Item 2. Management's Discussion and Analysis of Financial Condition and
Results of Operations.
Registrant incorporates by this reference its Quarterly Report
to Limited Partners for the period ended June 30, 1999.
PART II - OTHER INFORMATION
Item 6. Exhibits and Reports on Form 8K.
(a) Attached hereto as Exhibit "20" is Registrant's Quarterly
Report to Limited Partners for the period ended
June 30, 1999.
(B) Registrant did not file any reports on Form 8-K for the
period reported upon.
SIGNATURES
Pursuant to the requirements of the Securities and Exchange Act of
1934, the Registrant has duly caused this report to be signed on its
behalf by the undersigned thereunto duly authorized.
Dated: July 31, 1999 DSI REALTY INCOME FUND X
A California Limited Partnership
(Registrant)
By__/s/ Robert J. Conway______
DSI Properties, Inc., as General
Partner by ROBERT J. CONWAY,
President and Chief Financial
Officer
SIGNATURES
Pursuant to the requirements of the Securities and Exchange Act of
1934, the Registrant has duly caused this report to be signed on its
behalf by the undersigned thereunto duly authorized.
Dated: July 31, 1999 DSI REALTY INCOME FUND X
A California Limited Partnership
(Registrant)
By___/s/ Robert J. Conway_____
DSI Properties, Inc., as General
Partner by ROBERT J. CONWAY,
President and Chief Financial
Officer
July 31, 1999
QUARTERLY REPORT TO THE LIMITED PARTNERS
OF DSI REALTY INCOME FUND X
DEAR LIMITED PARTNERS:
We are pleased to enclose the Partnership's unaudited financial statements
for the period ended June 30, 1999. The following is Management's
discussion and analysis of the Partnership's financial condition and
results of its operations.
For the three month periods ended June 30, 1999, and 1998, total revenues
increased 11.7% from $652,981 to $729,606 and total expenses decreased 2.7%
from $417,342 to $405,922. As a result, net income increased 37.4% from
$235,639 to $323,684 for the three-month period ended June 30, 1999, as
compared to the same period in 1998. The increase in revenues can be
attributed to an increase in rentel income due to higer occupancy and unit
rental rates.

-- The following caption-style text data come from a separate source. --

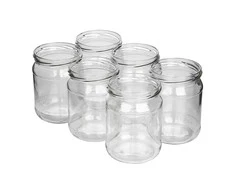 Set of 6 jars to-520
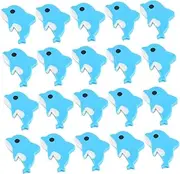 Angoily 20pcs Dolphin Erasers for Cute Cartoon Ocean Animal Pencil Erasers Classroom Rewards Fun Desk Decorations for Back to School Supplies Party Favors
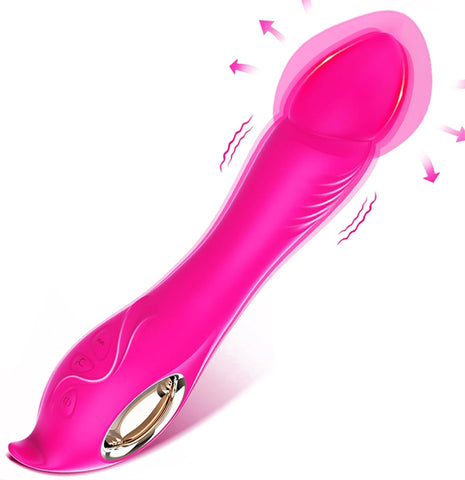 Inflatable Dildo Vibrators Hot Pink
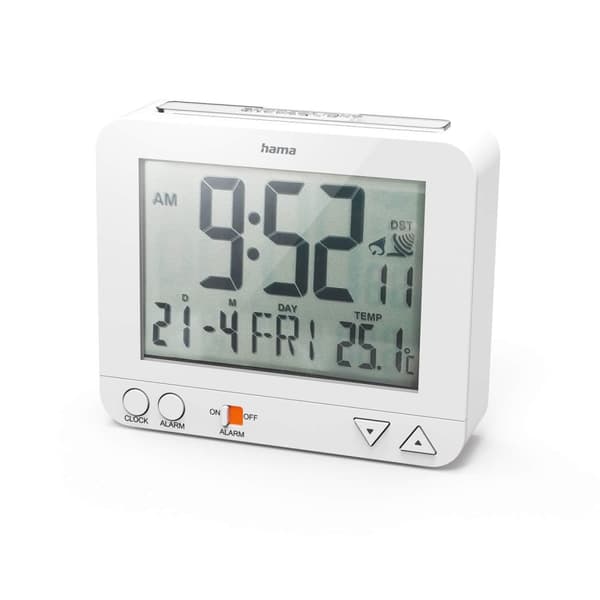 Hama Väckarklocka RC550 Radio Vit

Occupancy levels for the Partnership's five mini-storage
facilities averaged 84.7% for the the three-month period ended June 30, 1999,
as compared to 81.0% for the same period in 1998. The Partnership is
continuing its advertising campaign to attract and keep new tenants in its
various mini-storage facilities. Operating expenses remained relatively
constant as a decrease in maintenance and repair expense was offset by
increases in advertising costs and property management fees as well as
relatively insignificant increases in various other expense accounts.
Property management fees, which are based on rental revenue, increased as
a result of the increase in rental revenue. General and administrative
expenses decreased approximately $12,200 (18.6%) primarily as a result of
decreases in legal and professional fees and Michigan State Taxes.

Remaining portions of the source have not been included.